**Task instructions:**
Word for word, reproduce all of the entries shown below.
Top of Data provided
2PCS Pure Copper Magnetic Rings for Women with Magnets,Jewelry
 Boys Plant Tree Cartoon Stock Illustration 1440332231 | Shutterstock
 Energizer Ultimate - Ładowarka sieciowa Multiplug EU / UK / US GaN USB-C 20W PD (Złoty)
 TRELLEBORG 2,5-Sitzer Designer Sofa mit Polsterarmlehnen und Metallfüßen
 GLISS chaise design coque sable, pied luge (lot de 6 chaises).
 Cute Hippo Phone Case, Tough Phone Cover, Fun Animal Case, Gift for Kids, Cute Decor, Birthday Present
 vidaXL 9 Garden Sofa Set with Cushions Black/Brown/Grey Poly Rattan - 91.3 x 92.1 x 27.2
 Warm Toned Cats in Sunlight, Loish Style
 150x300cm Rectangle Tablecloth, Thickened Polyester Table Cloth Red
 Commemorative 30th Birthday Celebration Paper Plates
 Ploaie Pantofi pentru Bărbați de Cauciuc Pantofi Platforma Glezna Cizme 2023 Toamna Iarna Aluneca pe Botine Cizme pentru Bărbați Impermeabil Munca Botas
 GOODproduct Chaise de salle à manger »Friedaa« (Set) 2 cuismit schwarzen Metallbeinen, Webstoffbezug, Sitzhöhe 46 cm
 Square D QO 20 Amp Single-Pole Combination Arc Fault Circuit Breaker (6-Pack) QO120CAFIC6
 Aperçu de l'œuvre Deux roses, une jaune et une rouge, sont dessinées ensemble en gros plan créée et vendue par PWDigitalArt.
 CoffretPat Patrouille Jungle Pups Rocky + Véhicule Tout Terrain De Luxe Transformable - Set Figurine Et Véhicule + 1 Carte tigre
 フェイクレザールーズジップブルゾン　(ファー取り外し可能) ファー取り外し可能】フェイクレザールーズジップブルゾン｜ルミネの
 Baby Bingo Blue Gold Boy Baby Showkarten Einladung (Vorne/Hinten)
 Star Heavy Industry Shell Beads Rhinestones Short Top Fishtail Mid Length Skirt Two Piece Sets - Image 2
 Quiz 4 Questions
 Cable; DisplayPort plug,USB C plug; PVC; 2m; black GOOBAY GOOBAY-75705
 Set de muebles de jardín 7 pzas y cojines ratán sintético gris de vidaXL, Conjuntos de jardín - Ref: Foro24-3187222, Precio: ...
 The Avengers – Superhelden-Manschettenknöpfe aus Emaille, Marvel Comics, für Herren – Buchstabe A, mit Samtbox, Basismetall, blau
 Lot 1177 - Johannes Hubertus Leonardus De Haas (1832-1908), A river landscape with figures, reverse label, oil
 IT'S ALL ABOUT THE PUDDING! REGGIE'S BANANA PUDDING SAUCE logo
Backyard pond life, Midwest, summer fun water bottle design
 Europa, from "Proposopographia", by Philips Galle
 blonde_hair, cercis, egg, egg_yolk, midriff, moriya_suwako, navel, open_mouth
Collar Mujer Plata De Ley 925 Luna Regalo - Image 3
Bottom of Data provided
**Written reply:**
2PCS Pure Copper Magnetic Rings for Women with Magnets,Jewelry
 Boys Plant Tree Cartoon Stock Illustration 1440332231 | Shutterstock
 Energizer Ultimate - Ładowarka sieciowa Multiplug EU / UK / US GaN USB-C 20W PD (Złoty)
 TRELLEBORG 2,5-Sitzer Designer Sofa mit Polsterarmlehnen und Metallfüßen
 GLISS chaise design coque sable, pied luge (lot de 6 chaises).
 Cute Hippo Phone Case, Tough Phone Cover, Fun Animal Case, Gift for Kids, Cute Decor, Birthday Present
 vidaXL 9 Garden Sofa Set with Cushions Black/Brown/Grey Poly Rattan - 91.3 x 92.1 x 27.2
 Warm Toned Cats in Sunlight, Loish Style
 150x300cm Rectangle Tablecloth, Thickened Polyester Table Cloth Red
 Commemorative 30th Birthday Celebration Paper Plates
 Ploaie Pantofi pentru Bărbați de Cauciuc Pantofi Platforma Glezna Cizme 2023 Toamna Iarna Aluneca pe Botine Cizme pentru Bărbați Impermeabil Munca Botas
 GOODproduct Chaise de salle à manger »Friedaa« (Set) 2 cuismit schwarzen Metallbeinen, Webstoffbezug, Sitzhöhe 46 cm
 Square D QO 20 Amp Single-Pole Combination Arc Fault Circuit Breaker (6-Pack) QO120CAFIC6
 Aperçu de l'œuvre Deux roses, une jaune et une rouge, sont dessinées ensemble en gros plan créée et vendue par PWDigitalArt.
 CoffretPat Patrouille Jungle Pups Rocky + Véhicule Tout Terrain De Luxe Transformable - Set Figurine Et Véhicule + 1 Carte tigre
 フェイクレザールーズジップブルゾン　(ファー取り外し可能) ファー取り外し可能】フェイクレザールーズジップブルゾン｜ルミネの
 Baby Bingo Blue Gold Boy Baby Showkarten Einladung (Vorne/Hinten)
 Star Heavy Industry Shell Beads Rhinestones Short Top Fishtail Mid Length Skirt Two Piece Sets - Image 2
 Quiz 4 Questions
 Cable; DisplayPort plug,USB C plug; PVC; 2m; black GOOBAY GOOBAY-75705
 Set de muebles de jardín 7 pzas y cojines ratán sintético gris de vidaXL, Conjuntos de jardín - Ref: Foro24-3187222, Precio: ...
 The Avengers – Superhelden-Manschettenknöpfe aus Emaille, Marvel Comics, für Herren – Buchstabe A, mit Samtbox, Basismetall, blau
 Lot 1177 - Johannes Hubertus Leonardus De Haas (1832-1908), A river landscape with figures, reverse label, oil
 IT'S ALL ABOUT THE PUDDING! REGGIE'S BANANA PUDDING SAUCE logo
Backyard pond life, Midwest, summer fun water bottle design
 Europa, from "Proposopographia", by Philips Galle
 blonde_hair, cercis, egg, egg_yolk, midriff, moriya_suwako, navel, open_mouth
Collar Mujer Plata De Ley 925 Luna Regalo - Image 3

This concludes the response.